Przecież to akurat możesz zrobić zawsze, nawet nie czekając na przetarg.
Tyle, że to w żaden sposób nie wiąże miasta - jak zechce to może
pomyśleć o sprzedaży poza przetargiem (?), jak nie to nie.
--
spp
-
5. Data: 2009-08-10 07:56:25
Temat: Re: Przetarg z urzędu miasta na nieruchomość gruntową niezabudowaną
Od: mecenas <m...@o...pl>
spp pisze:
> Arek pisze:
>
>> Stąd moje pytanie czy po 2 nieudanym przetargu sam mogę zwrócić się
>> do miasta?
>
> Przecież to akurat możesz zrobić zawsze, nawet nie czekając na przetarg.
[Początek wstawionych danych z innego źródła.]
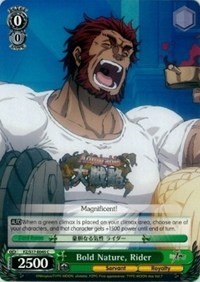 Bold Nature, Rider - Fate/Zero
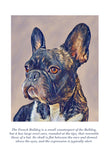 French Bulldog Colouring Page Digital Download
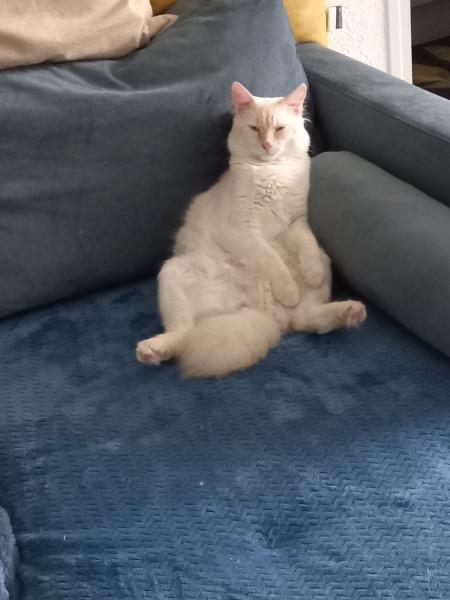 Tchoupi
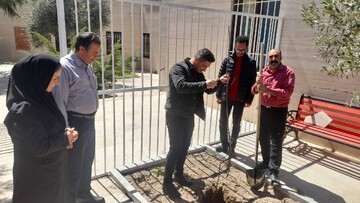 کاشت نهال استان قزوین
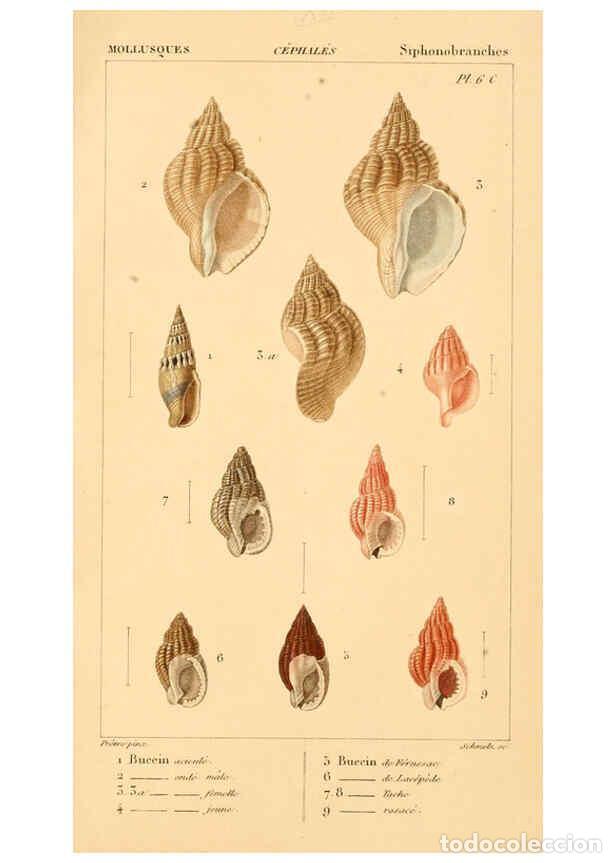 Collectionnisme de Revues et Journaux: Reproducci&oacute;n/Reproduction 6260678864: Malacozoaires, ou, Animaux mollusques A Paris :Chez F.-G. Levr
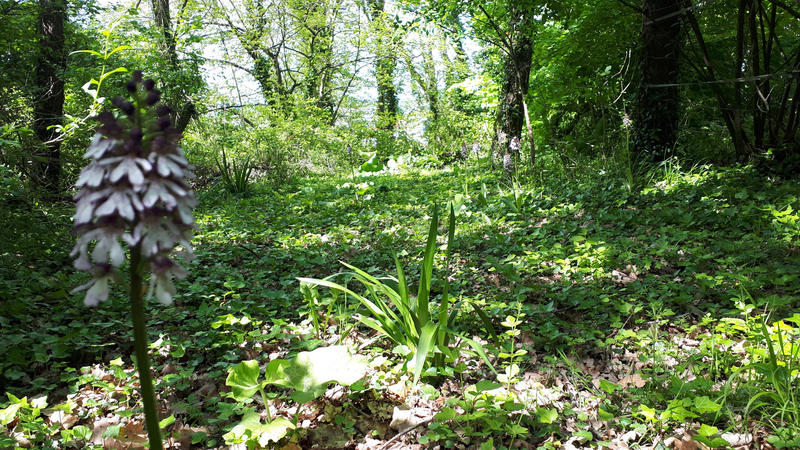 Propriété - 335 m² - 12 pièces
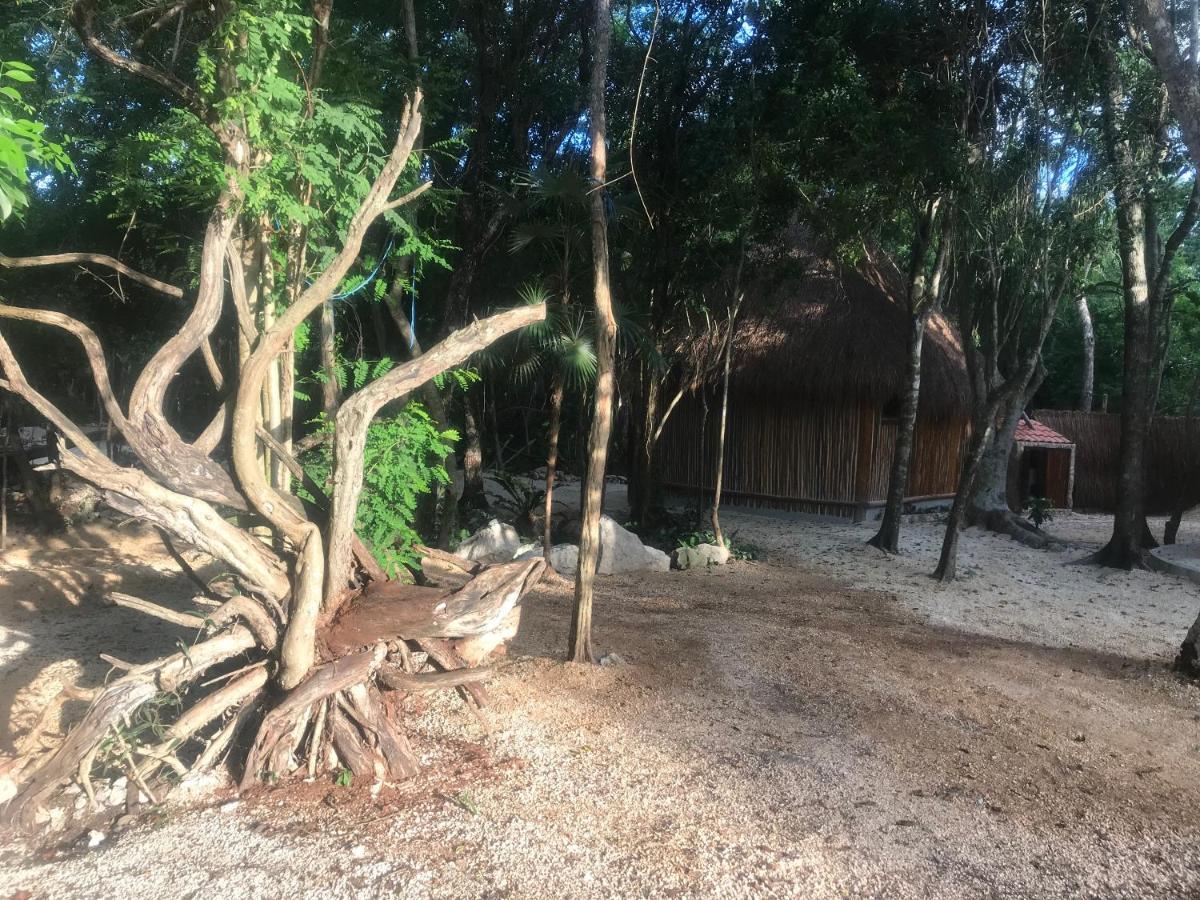 Nueve Tulum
> Tyle, że to w żaden sposób nie wiąże miasta - jak zechce to może
> pomyśleć o sprzedaży poza przetargiem (?), jak nie to nie.
>
Miasto jest właścicielem i jak chce to sprzeda, a jak nie to nie i
chętny do kupna może obejść sie smakiem ;).
Przy sprzedaży obowiązują przepisy ustawy o gospodarce nieruchomościami
oraz przepisy wykonawcze do tej ustawy.